Among the key finding in Amnesty’s reports were abuses such as employers withholding migrants’ passports and the denial of exit permits, which forces migrants to stay in Qatar; the withholding of wages; squalid living conditions; and dangerous working conditions, among other offenses. Some migrant workers suffer all of these conditions simultaneously.

“It’s a great thing in many ways that Qatar can provide these jobs and these sources of income and remittances to developing countries and allow people to fend for themselves financially, but there shouldn’t be this sort of stream of human misery coming out of that,” said James Lynch, a researcher on Gulf migrants’ rights for Amnesty in Doha, Qatar. “It should be possible to do that and respect people’s rights.”

The International Labour Organization (ILO) defines forced labor as “work that the person has not offered themselves for voluntarily and which is extracted under threat of a penalty.” Amnesty found cases where migrants had been deceived about the terms or conditions of their work, or had pay withheld for months at a time, and were threatened with penalties including withholding passports, withholding permission to leave the country and failure to provide pending salaries. Moreover, in cases where migrants had clearly been deceived into situations of forced labor, they were also victims of human trafficking.

Lynch said that much of the exploitation is facilitated by Qatar’s Sponsorship Law, under which all foreign workers are subject. The law established a sponsorship system that effectively tethers migrant workers to one “sponsor,” who must also be their employer.

Under the law, employers have the power to forbid their workers from changing jobs, prevent workers from leaving the country and terminate their residence permits. Because workers cannot have their residence permits issued or renewed without an employer’s consent, employers maintain the ability to leave them effectively undocumented and at constant risk of arrest.

“If your ability to move jobs relies on your current employer giving you permission, that’s obviously going to increase your risk of being exploited,” said Lynch.

The exploitation is not just confined to the construction sector, but is rampant in other areas such as domestic work, farming and fishing. Qatar’s labor law, which passed in 2004, excludes several categories of workers from provisions protecting working conditions and wages, which meet the standard outlined by the ILO. The exclusion leaves women workers disproportionately vulnerable, as they make up the majority of the large domestic workforce in Qatar.

Researchers found that in many cases abuses against domestic workers ranged from their being made to work days that can go as long as 18 hours, being forced to work without having a day off, not being able to leave the house and not being allowed a cellphone.

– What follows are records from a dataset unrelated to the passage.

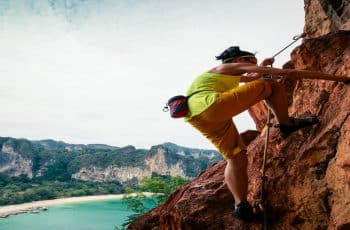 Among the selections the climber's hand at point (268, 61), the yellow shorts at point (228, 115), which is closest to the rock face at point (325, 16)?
the climber's hand at point (268, 61)

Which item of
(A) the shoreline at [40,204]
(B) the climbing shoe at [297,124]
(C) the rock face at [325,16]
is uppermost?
(C) the rock face at [325,16]

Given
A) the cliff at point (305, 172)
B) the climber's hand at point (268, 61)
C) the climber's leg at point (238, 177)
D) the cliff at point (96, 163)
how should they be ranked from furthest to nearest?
the cliff at point (96, 163) < the climber's hand at point (268, 61) < the climber's leg at point (238, 177) < the cliff at point (305, 172)

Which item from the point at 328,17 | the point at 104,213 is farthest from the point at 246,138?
the point at 104,213

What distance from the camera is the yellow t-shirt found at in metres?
3.92

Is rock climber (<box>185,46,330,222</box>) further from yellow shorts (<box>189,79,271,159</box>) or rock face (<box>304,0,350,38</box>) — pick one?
rock face (<box>304,0,350,38</box>)

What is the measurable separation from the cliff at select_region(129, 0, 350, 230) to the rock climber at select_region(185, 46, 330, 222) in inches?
12.4

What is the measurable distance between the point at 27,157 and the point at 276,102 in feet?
342

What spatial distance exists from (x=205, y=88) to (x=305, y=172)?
4.92 feet

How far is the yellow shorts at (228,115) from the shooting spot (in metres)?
3.84

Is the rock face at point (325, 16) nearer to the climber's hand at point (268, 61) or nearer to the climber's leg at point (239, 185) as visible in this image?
the climber's hand at point (268, 61)

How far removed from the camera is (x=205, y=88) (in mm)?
4027

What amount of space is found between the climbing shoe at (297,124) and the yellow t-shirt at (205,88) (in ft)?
3.00

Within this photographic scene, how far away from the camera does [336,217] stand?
3.50 m

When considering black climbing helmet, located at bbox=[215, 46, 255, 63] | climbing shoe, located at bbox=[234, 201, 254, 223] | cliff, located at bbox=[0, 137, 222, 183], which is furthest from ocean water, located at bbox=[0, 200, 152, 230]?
black climbing helmet, located at bbox=[215, 46, 255, 63] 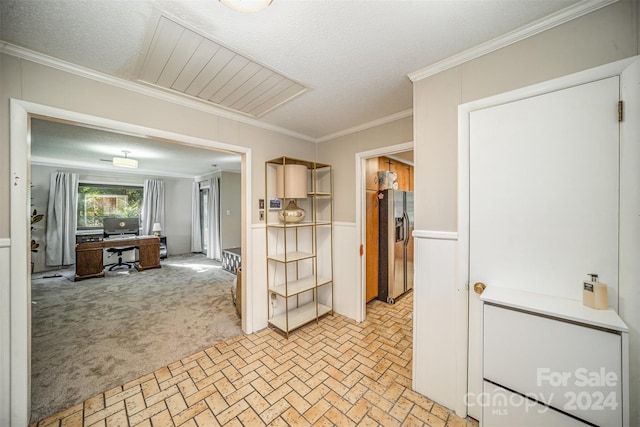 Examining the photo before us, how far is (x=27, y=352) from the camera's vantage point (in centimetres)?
146

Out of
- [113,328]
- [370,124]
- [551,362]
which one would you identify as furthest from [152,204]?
[551,362]

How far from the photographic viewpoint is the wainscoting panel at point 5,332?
1.35 metres

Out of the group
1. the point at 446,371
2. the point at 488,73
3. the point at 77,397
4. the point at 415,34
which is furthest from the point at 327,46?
the point at 77,397

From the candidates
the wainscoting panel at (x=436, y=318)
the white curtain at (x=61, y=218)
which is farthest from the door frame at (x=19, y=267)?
the white curtain at (x=61, y=218)

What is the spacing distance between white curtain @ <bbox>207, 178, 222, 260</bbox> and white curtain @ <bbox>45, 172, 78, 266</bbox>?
122 inches

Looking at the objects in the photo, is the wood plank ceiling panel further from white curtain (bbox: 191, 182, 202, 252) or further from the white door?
white curtain (bbox: 191, 182, 202, 252)

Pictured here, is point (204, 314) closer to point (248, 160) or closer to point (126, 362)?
point (126, 362)

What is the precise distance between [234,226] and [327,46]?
19.4 ft

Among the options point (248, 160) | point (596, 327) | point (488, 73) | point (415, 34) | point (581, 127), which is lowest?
point (596, 327)

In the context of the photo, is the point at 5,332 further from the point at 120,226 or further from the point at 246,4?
the point at 120,226

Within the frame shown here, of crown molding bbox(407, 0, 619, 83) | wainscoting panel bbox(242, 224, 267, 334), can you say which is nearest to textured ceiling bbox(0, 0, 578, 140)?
crown molding bbox(407, 0, 619, 83)

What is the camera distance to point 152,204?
21.9 ft

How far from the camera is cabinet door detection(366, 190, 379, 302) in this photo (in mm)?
3283

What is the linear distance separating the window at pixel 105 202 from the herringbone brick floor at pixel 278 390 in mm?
6299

“We even rang some recruitment agencies and just asked basic questions like, ‘should [domestic workers] be given a day off?’ and ‘should they be allowed a mobile [phone]?’ and the answer you get back from the recruitment agencies is, ‘it’s up to you [as an employer],'” Lynch said. “So that’s the effect of effectively leaving that sector unregulated. It depends on the goodwill of the employer. The result is it leaves domestic workers in a complete lottery situation.”

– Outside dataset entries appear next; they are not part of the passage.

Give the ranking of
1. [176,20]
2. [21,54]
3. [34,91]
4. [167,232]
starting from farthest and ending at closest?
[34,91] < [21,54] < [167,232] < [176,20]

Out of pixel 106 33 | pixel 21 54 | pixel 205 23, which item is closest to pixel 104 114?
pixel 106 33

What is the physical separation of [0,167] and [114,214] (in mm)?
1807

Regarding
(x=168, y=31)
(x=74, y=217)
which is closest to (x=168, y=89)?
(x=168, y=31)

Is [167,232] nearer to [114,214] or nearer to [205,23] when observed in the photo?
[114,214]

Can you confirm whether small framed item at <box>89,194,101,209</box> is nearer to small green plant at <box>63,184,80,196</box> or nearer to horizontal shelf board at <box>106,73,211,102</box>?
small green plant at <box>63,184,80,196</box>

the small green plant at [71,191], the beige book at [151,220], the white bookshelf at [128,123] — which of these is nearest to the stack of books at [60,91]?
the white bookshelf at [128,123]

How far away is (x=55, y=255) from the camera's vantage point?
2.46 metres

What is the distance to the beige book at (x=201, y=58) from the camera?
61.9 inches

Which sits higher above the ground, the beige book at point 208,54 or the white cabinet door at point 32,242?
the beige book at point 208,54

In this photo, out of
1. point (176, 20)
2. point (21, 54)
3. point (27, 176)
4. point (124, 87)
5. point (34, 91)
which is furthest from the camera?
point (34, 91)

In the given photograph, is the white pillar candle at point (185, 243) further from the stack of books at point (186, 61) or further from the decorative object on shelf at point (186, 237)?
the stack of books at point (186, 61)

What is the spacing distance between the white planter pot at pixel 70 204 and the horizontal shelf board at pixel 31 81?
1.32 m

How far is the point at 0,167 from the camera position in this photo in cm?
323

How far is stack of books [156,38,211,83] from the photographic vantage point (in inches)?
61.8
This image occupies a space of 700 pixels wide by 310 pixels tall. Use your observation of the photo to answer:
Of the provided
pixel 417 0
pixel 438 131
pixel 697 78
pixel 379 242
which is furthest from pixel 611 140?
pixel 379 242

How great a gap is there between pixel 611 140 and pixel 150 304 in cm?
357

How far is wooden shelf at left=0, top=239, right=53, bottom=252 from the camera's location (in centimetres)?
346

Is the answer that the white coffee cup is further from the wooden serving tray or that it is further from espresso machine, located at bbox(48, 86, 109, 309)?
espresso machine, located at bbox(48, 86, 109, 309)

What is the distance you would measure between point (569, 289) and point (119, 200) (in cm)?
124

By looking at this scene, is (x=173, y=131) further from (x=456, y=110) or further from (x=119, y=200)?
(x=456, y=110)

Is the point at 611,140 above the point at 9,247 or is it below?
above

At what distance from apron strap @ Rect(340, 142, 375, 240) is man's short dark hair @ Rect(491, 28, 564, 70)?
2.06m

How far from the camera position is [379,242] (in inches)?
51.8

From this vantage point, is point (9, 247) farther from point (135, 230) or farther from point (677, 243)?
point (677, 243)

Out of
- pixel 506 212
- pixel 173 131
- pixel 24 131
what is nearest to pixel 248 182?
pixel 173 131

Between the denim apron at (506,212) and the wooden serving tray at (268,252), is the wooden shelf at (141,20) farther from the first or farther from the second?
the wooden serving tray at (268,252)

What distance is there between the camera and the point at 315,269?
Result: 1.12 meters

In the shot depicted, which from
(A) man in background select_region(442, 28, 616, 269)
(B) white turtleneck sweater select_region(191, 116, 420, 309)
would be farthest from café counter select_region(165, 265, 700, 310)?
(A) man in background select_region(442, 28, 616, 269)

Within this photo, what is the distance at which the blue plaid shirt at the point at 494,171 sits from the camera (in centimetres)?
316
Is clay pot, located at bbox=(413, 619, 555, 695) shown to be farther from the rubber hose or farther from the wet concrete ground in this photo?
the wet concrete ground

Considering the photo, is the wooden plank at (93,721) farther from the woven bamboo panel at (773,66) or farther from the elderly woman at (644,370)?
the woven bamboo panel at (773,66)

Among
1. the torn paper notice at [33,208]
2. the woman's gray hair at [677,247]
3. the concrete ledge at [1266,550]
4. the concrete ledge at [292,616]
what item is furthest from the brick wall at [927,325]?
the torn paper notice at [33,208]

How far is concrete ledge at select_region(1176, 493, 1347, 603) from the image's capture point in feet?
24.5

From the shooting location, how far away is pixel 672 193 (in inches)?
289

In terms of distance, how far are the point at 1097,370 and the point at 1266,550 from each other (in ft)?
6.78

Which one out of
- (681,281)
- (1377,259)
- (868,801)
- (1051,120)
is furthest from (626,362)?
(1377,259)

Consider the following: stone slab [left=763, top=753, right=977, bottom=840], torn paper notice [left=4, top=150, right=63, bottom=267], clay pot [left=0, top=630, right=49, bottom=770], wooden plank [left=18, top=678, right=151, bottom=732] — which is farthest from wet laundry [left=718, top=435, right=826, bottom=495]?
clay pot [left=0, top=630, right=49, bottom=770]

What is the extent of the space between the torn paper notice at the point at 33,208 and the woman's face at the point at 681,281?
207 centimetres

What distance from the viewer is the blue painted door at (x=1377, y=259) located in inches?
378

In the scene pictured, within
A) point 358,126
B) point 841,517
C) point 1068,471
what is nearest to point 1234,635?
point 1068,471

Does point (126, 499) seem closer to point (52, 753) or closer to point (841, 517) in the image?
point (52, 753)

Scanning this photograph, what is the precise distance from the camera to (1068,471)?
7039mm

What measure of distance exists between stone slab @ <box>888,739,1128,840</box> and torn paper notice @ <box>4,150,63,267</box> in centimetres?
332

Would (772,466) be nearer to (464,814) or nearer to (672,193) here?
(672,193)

But Amnesty sees opportunity in the 2022 FIFA World Cup to be hosted in Qatar, as a catalyst for change. Lynch says Qatar and FIFA should “use this moment in the spotlight that Qatar’s got, where, instead of getting criticism and quite rightly getting that criticism, they can turn it around and take some bold steps to lead the way in the region and use the World Cup to actually get credit. So the spotlight will remain, but make that into a political spotlight.”

Lynch said that it remains crucial that the Qatari government begins to enforce laws against employers withholding passports from migrant workers as well as withholding or delaying payment, which is a step that can begin immediately. The other crucial change is to make a major revision of the Sponsorship Law, which Lynch says, expedites this exploitation. He also called on major construction companies to reform their contracts to put in place protections for migrant workers that will also extend to these companies’ subcontractors.